Edible insecticidal gene therapy
An edible insecticidal gene therapy teachnique to curb plant pests has been developed by German scientists.
Insect pests cost agriculture and the wider economy millions in lost revenues and productivity each year. The widespread use of chemical pesticides has also steadily selected for progressively more resistant insect strains with the result that greater numbers of applications, and the use of more potent agents, are routinely required to protect crops. At the same time, however, pollinators and other desirable species are caught in the cross-fire.
Now German researcher Ralph Bock and his colleagues have developed an edible form of gene therapy to target specific pest species. The team have targeted the notorious Colorado Potato beetle, which is endemic across the Americas, Europe and parts of Asia and devastates the foliage of members of the potato family including also tomatoes and aubergines.
Using GM techniques, the German scientists have added segments to the plant's DNA sequences called interfering RNAs that block the activity of two key genes in the beetle larvae, the actin gene, which controls cell structure, and the Shrub gene which controls how chemicals are moved around inside cells. This means that, when the beetles eat the plant leaves, the interfering RNAs are absorbed in the bugs' bodies, penetrate their cells and deactivate these genes, disabling the affected cells.The resulting plants were 70-100% lethal when the pests ate them.
Scientists have attempted to use this sort of RNA interference gene therapy approach previously, but without success.
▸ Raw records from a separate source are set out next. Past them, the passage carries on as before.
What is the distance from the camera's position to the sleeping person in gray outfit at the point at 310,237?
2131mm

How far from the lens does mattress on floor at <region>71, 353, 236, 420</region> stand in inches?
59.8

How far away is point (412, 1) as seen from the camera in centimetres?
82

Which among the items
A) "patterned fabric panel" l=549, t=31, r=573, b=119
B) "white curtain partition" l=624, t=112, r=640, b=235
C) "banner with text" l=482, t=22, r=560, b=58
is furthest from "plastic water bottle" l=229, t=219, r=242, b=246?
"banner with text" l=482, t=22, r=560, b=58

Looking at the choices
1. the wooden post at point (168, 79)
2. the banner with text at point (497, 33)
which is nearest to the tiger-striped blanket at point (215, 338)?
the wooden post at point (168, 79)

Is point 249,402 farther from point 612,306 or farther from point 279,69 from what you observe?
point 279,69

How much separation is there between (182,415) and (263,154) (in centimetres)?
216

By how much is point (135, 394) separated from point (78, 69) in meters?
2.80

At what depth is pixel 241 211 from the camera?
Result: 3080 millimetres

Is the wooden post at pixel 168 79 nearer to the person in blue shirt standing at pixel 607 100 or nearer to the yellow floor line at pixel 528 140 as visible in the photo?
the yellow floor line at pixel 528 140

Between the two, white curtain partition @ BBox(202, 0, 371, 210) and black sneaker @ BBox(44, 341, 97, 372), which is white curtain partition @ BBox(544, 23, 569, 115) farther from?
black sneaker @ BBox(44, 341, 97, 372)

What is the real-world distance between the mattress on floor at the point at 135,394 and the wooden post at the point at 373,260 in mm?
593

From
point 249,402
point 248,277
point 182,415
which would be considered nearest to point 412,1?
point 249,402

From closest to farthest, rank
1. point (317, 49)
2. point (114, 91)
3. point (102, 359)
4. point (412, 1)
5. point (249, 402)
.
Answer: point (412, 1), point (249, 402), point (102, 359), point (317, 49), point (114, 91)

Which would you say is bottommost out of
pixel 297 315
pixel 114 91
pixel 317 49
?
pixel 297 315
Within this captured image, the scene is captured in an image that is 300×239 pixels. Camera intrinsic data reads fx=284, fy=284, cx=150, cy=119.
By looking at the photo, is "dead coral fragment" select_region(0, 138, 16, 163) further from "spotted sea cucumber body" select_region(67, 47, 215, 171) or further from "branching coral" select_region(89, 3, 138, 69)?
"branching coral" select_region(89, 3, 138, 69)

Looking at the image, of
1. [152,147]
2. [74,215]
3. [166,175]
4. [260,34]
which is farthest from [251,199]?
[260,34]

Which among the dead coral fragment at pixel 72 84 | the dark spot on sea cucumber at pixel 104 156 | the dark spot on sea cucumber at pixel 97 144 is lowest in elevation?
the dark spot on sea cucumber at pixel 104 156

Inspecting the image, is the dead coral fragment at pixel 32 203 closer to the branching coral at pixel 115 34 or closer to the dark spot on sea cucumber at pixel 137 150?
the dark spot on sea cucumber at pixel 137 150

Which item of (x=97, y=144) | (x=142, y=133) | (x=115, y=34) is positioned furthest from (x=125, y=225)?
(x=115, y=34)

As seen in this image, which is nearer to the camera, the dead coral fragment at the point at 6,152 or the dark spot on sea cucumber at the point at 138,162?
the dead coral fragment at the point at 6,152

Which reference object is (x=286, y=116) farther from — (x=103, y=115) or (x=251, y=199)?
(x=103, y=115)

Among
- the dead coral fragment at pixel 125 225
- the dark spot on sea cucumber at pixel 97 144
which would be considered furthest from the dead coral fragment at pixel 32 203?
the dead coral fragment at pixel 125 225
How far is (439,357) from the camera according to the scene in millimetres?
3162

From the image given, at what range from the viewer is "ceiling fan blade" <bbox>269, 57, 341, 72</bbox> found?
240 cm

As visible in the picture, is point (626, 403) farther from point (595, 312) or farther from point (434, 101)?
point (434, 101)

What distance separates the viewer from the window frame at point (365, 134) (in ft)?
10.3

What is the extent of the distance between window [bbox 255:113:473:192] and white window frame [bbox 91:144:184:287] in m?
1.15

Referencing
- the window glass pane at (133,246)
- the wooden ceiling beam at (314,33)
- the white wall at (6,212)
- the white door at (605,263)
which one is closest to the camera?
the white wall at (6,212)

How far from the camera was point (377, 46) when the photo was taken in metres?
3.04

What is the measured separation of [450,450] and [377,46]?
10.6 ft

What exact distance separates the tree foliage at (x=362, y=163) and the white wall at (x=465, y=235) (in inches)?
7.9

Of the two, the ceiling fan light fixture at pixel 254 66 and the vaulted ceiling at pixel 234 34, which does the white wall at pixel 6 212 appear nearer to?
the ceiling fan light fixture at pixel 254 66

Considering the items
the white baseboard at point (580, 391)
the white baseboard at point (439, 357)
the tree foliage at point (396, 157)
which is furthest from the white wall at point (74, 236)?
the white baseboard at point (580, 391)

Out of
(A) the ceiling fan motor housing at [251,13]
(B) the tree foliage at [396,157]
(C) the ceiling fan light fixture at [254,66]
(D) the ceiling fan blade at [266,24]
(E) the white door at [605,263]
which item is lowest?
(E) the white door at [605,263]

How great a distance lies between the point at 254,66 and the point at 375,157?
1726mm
This is because the plant cells normally naturally destroy the interfering RNA molecules, preventing them from building up to a level sufficient to do much damage to a pest. The breakthrough made by Bock and his colleagues, which is published this week in Science, was to add the interfering RNA genes not to the plant DNA itself but exclusively to the chloroplasts in the plants' leaves.
Chloroplasts are the green structures that enable plants to photosynthesise using light from the Sun. Critically they have their own DNA sequences because they were originally free-living microbes called cyanobacteria.
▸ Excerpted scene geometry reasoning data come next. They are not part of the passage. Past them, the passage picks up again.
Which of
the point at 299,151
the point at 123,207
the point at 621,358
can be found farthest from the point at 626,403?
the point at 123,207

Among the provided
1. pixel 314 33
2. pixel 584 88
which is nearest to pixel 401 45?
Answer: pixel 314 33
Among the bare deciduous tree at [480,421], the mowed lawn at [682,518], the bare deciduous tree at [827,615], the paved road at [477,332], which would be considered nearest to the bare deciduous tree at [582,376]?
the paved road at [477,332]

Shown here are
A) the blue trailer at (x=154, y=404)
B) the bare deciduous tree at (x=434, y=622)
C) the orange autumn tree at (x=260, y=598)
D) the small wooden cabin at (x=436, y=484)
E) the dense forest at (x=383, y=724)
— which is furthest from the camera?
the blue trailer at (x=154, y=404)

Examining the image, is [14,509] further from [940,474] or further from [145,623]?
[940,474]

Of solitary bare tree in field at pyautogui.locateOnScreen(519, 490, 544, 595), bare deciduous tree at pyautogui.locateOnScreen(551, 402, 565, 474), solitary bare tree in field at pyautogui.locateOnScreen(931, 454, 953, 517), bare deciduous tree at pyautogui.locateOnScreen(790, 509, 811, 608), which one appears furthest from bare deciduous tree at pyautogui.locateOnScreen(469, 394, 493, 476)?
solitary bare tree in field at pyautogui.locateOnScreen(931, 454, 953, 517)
Millions of years ago these microorganisms teamed up with primitive plants and began living inside plant cells. The plant afforded them protection and food and in return the bacteria shared their genetic know-how for capturing the energy in sunlight. And because chloroplasts don't break down interfering RNA genes like the plant cells do, sufficiently high concentrations of the RNAs can accumulate to kill off would-be consumers.
The interfereing RNA can also target exclusively pest genes, so pollinators, and human consumers wouldn't be affected. Critically, the same technique could be used to combat a range of plant pests, and the genes being targeted could be adjusted to keep step with the insects' natural evolving resistance.